It seemed from your description that the threads may be operating on alternate blocks of memory. At each boundary between threads, there may be cache lines of the shared arrays which must be fetched by both threads, or even modified by one while the other has accessed it, so you may get delays which you would like to minimize.
If your platform has any NonUniformMemory characteristics, assuming you use default OpenMP static scheduling, and set KMP_AFFINITY, you could give the OpenMP library a chance to distribute the memory assignments efficiently by using the same OpenMP parallel scheme for the first initialization of the global data as will be used in the bulk of the calculation. You may not spend enough time in "first touch" for parallelization to matter for performance at that stage, but it could gain later on, particularly if your platform has a NUMA option in the BIOS, and you select that option. On such platforms, the non-NUMA option is intended to slow down all memory accesses equally, removing much of the advantage of correct memory placement.

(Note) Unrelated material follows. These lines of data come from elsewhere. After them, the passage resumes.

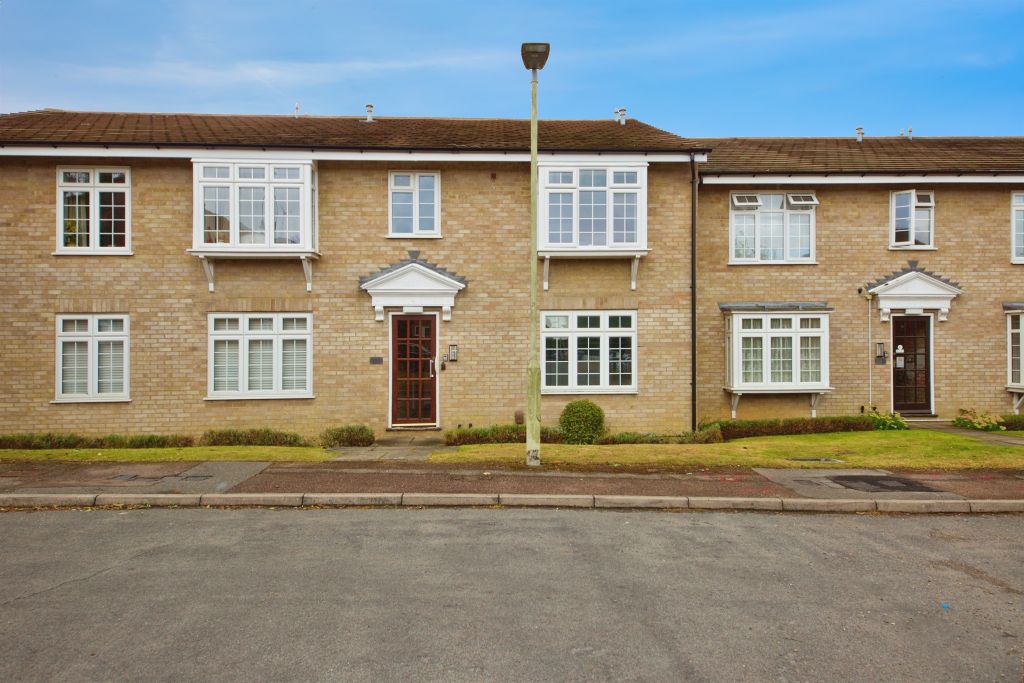 Property photo 1 of 10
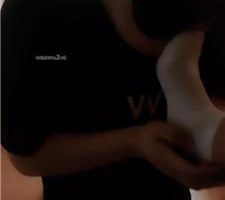 【东营风】物化脚垫裸足踩 JS240803-26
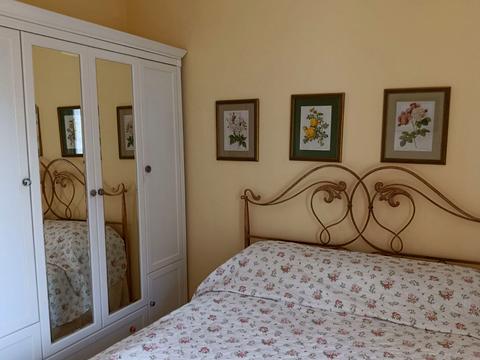 квартира за адресою Підградська вул., 6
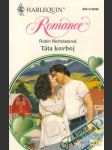 Táta kovboj - náhled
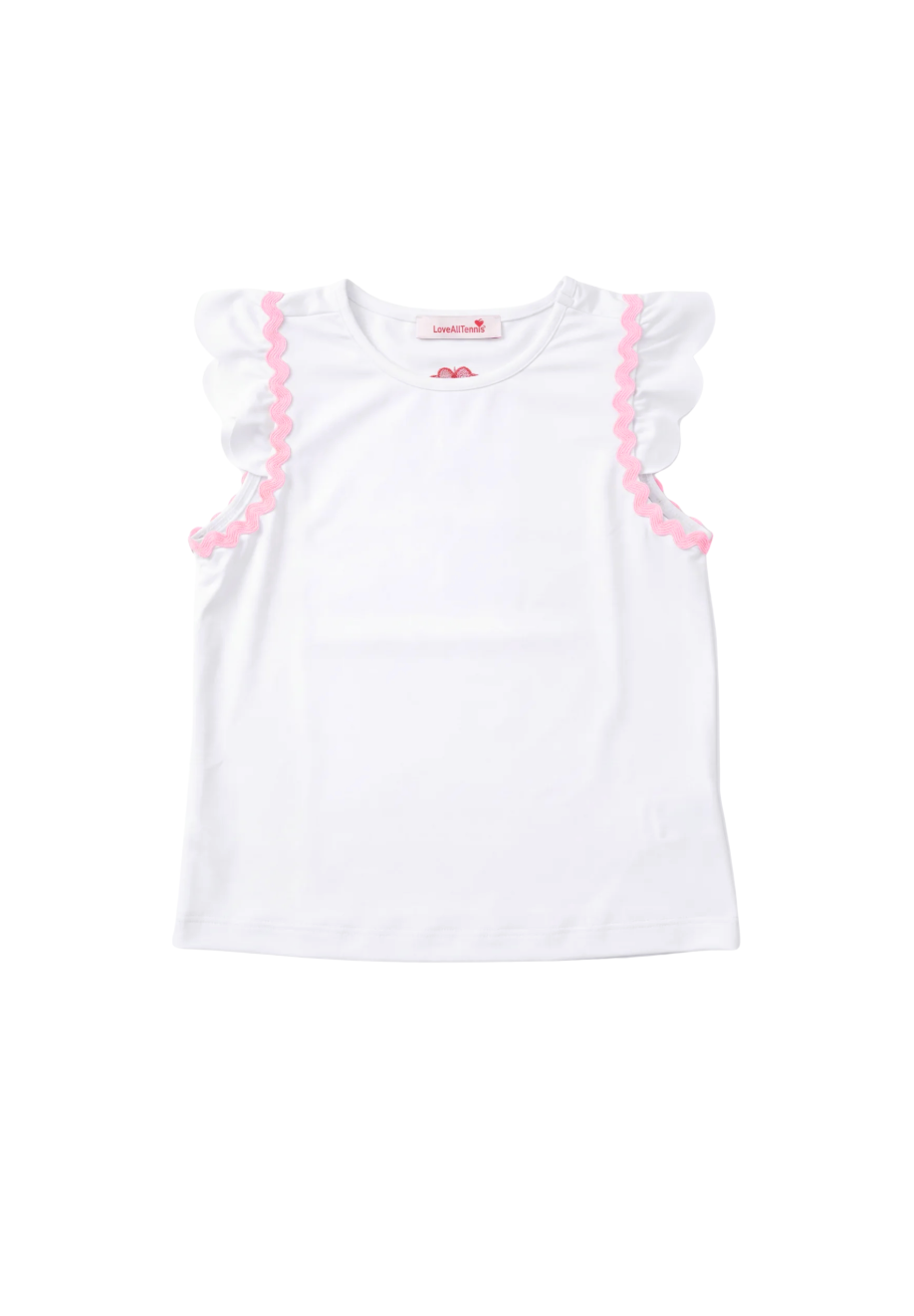 Love All Littles Kate Top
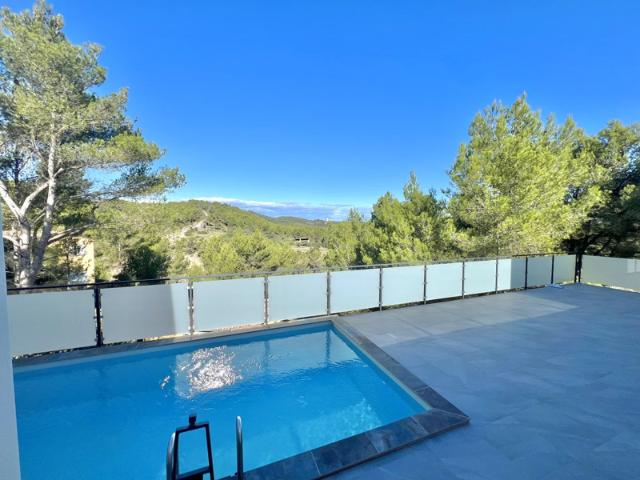 Maison vente à Nîmes, Beaucaire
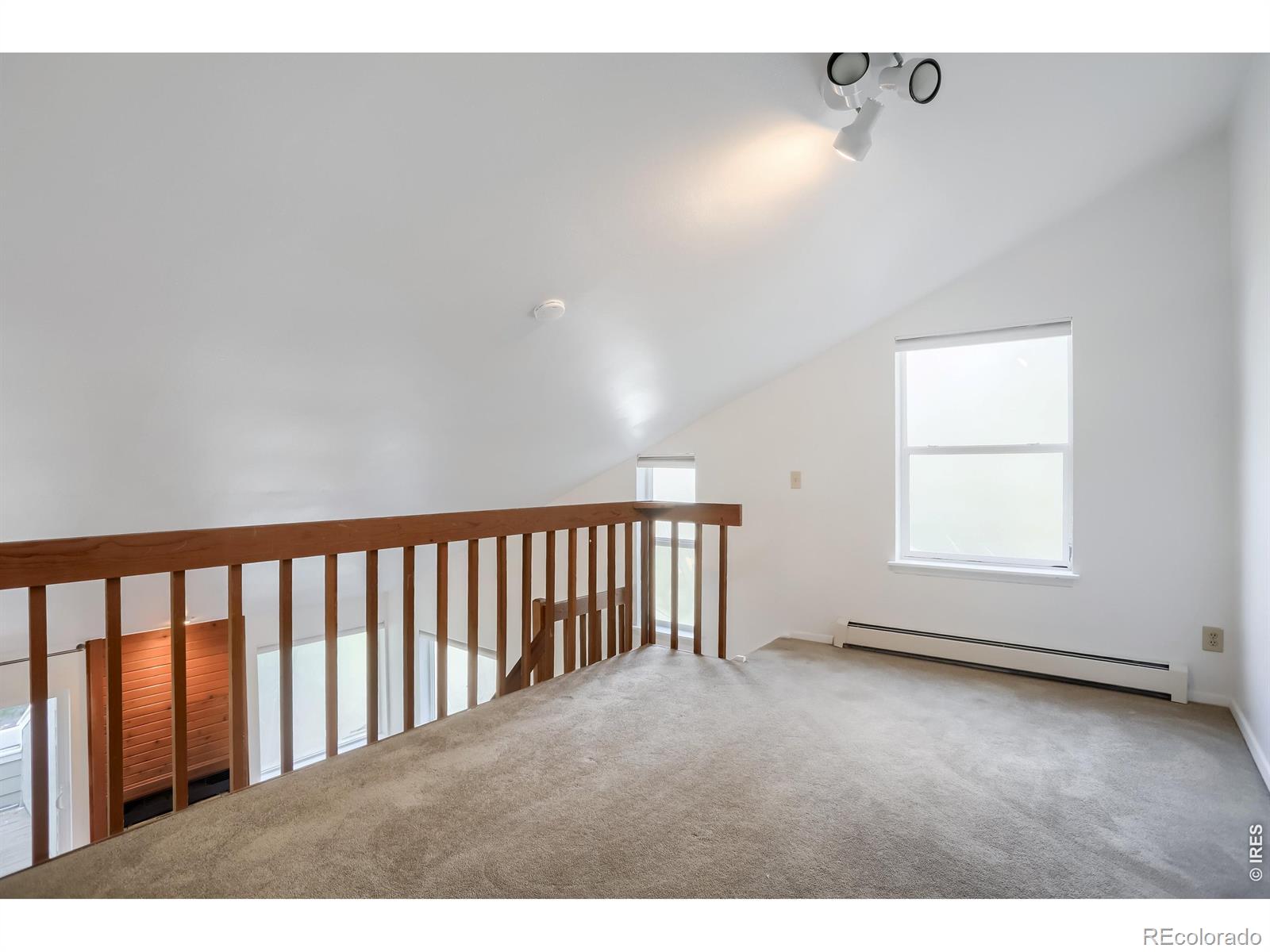 MLS Image #20 for 8011  countryside park,niwot, Colorado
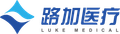 Ningbo Luke Medical Devices Co., Ltd.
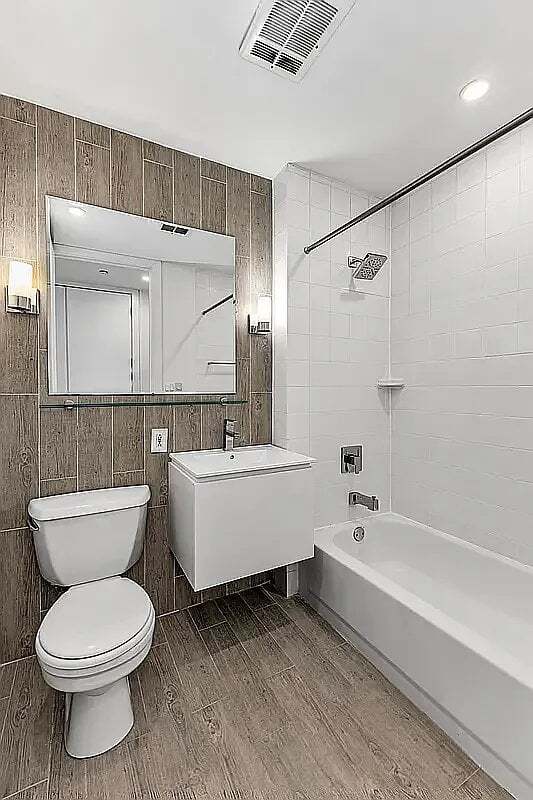 Foto del edificio - 50 Murray St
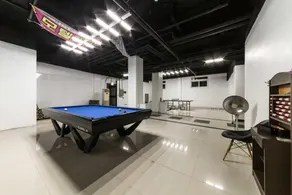Anseong (Gongdo) Gallery - Image 5
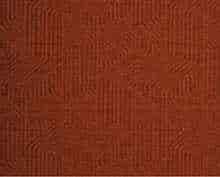 Kobe Cenia FR meubelstof in kleur 111545/016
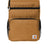 Carhartt Backpack 20-Can Cooler CT89132109 Carhartt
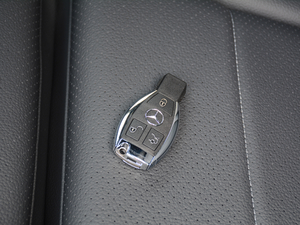 2018GLC 260 4MATIC ISUV ܇耳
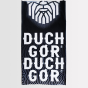 Chusta wielofunkcyjna Ducha Gór.png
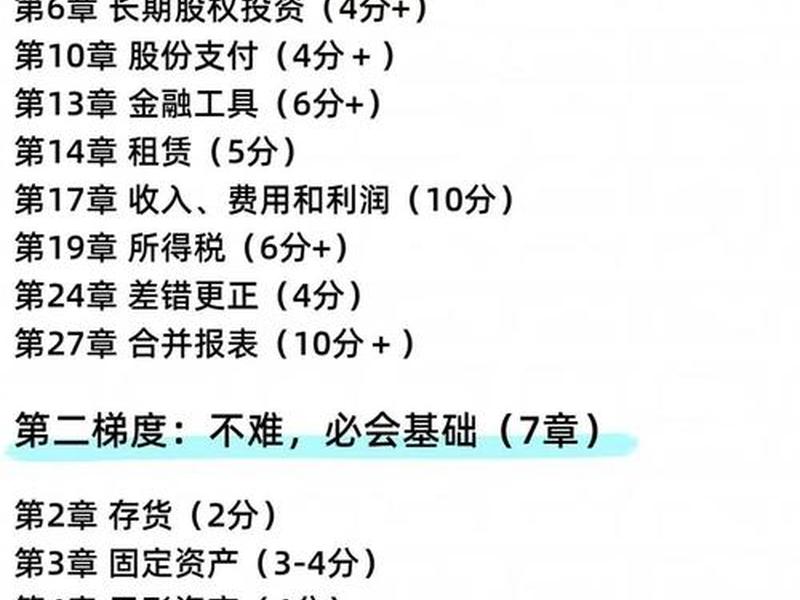 会计的人际关系怎么写;会计的人际关系怎么写的 会计的人际关系怎么写;会计的人际关系怎么写的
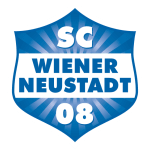 Wiener Neustadt logo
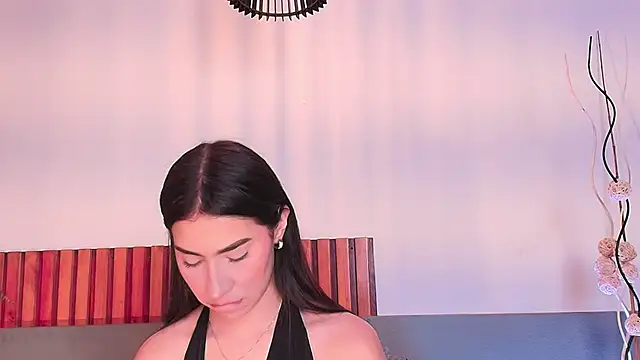 Snapshot of Christy_Sea chatting on November 22, 6:29 pm Christy Sea online show from November 22, 6:29 pm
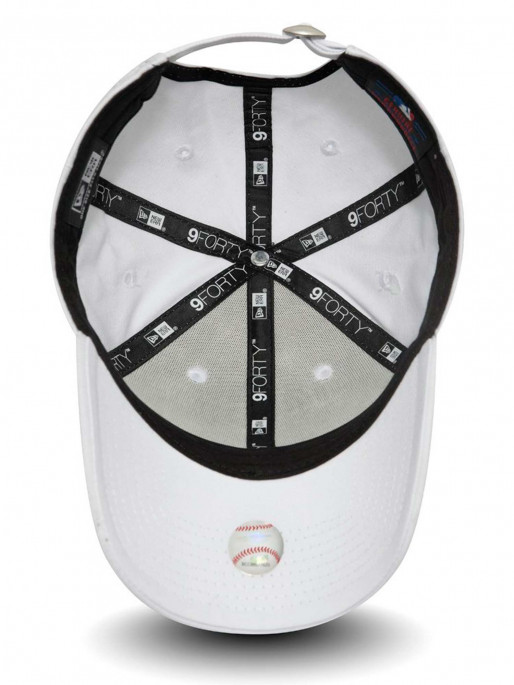 NEW ERA Sapca New York Yankees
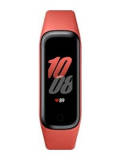 Samsung Galaxy Fit3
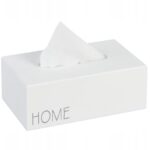 39ba303fd25ad079962bc57910c97eac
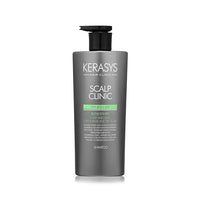 Scalp Clinic Shampoo, 750ml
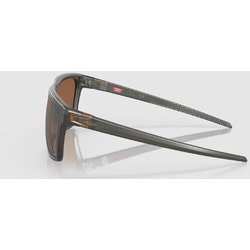 ヨドバシ.com - オークリー OAKLEY Leffingwell OO9100-0257 Matte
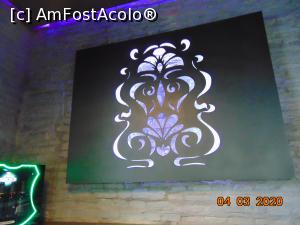 [P05] decor pe caramida » foto by Yolanda
 - 
<span class="allrVoted glyphicon glyphicon-heart hidden" id="av1149503"></span>
<a class="m-l-10 hidden" id="sv1149503" onclick="voting_Foto_DelVot(,1149503,8103)" role="button">șterge vot <span class="glyphicon glyphicon-remove"></span></a>
<a id="v91149503" class=" c-red"  onclick="voting_Foto_SetVot(1149503)" role="button"><span class="glyphicon glyphicon-heart-empty"></span> <b>LIKE</b> = Votează poza</a> <img class="hidden"  id="f1149503W9" src="/imagini/loader.gif" border="0" /><span class="AjErrMes hidden" id="e1149503ErM"></span>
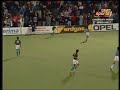 India Pakistan 1995 Hockey Champions Trophy Berlin End Moments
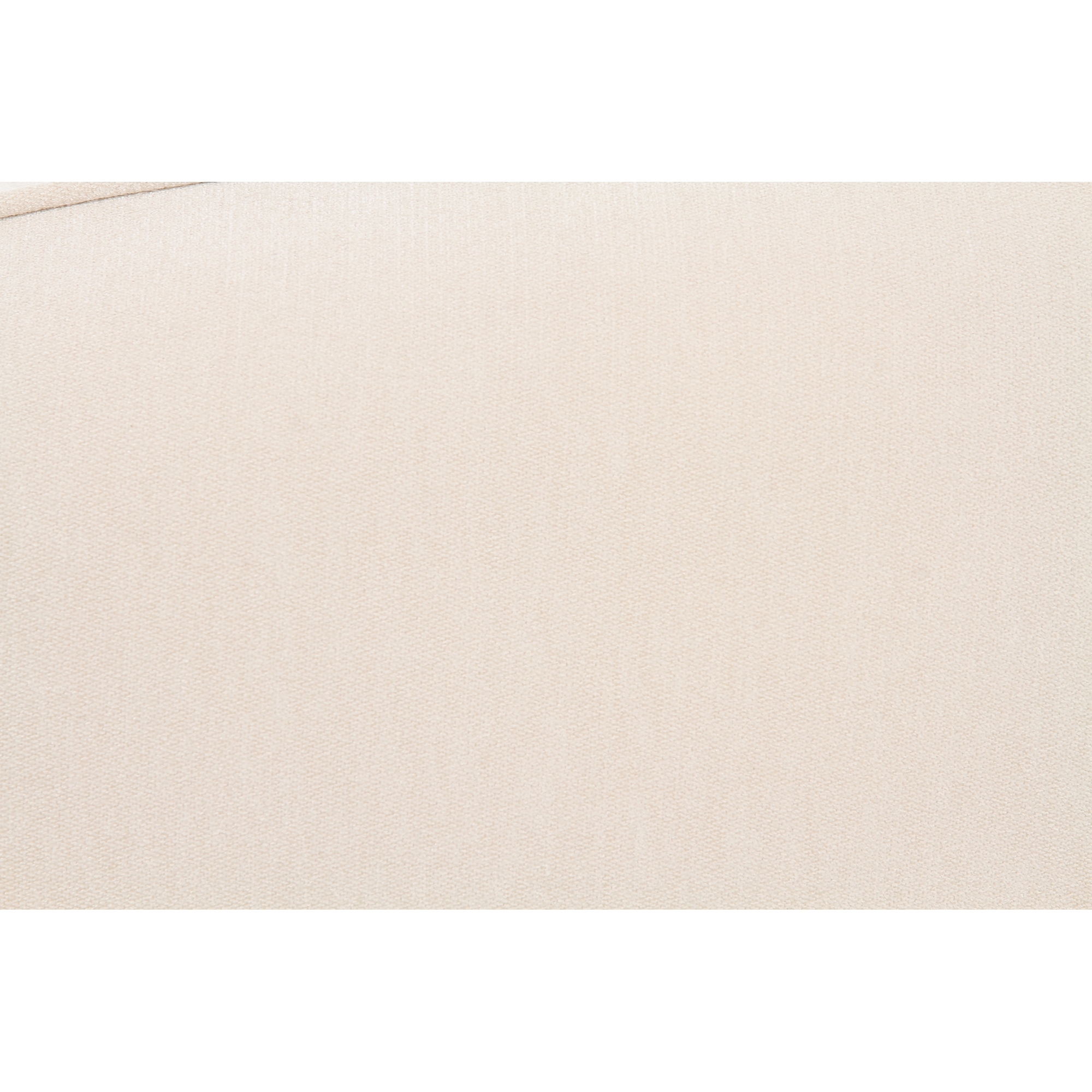 Isla Double Chaise Modular Sectional Beige - Image 5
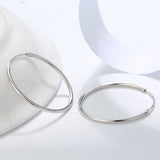 Net Red Personality Temperament Earrings – Gift Ideas — 3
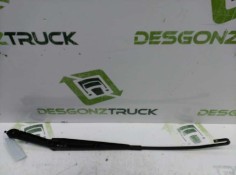 Recambio de brazo limpia delantero derecho para opel zafira a blue line referencia OEM IAM 6272483   2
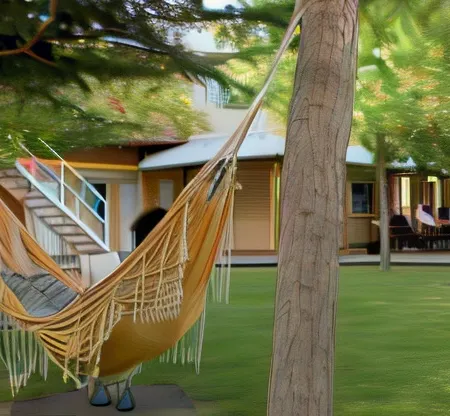 El Gualicho Hostel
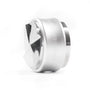 Tamper & Leveler 2 in 1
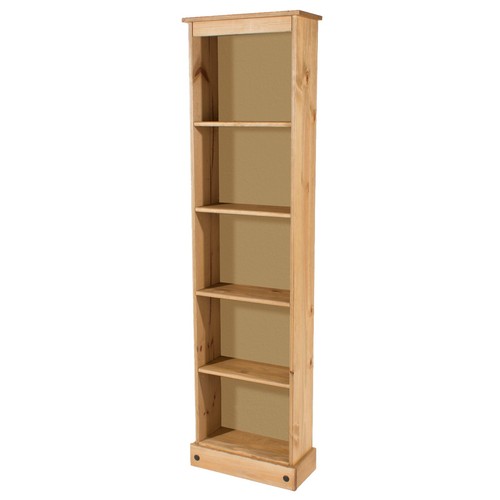 Premium corona solid pine - corona,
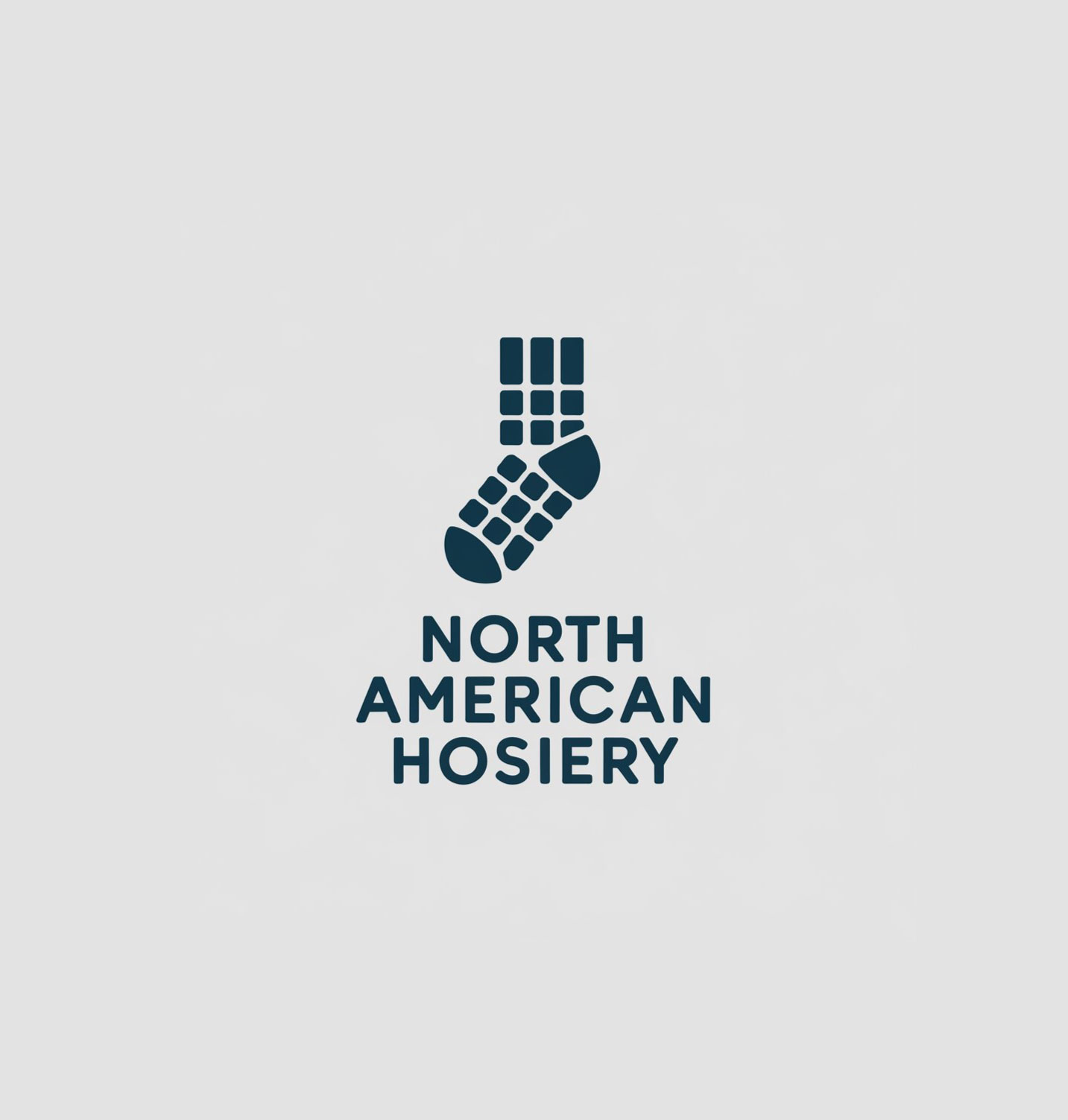Logo Design by KING JM for this project | Design #34781366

If you read the news, you may have seen that Intel will join the others in supporting primarily NUMA multi-socket platforms over the next month.
"At each boundary between threads, there may be cache lines of the shared arrays which must be fetched by both threads" I thought that the way I define the slices would avoid this. Am I wrong in thinking that, for example, in A(100,100,100) the memory locations of the block A(:,:,25) will be very remote from those in the block A(:,:,51)? If so I am more confused than I realised.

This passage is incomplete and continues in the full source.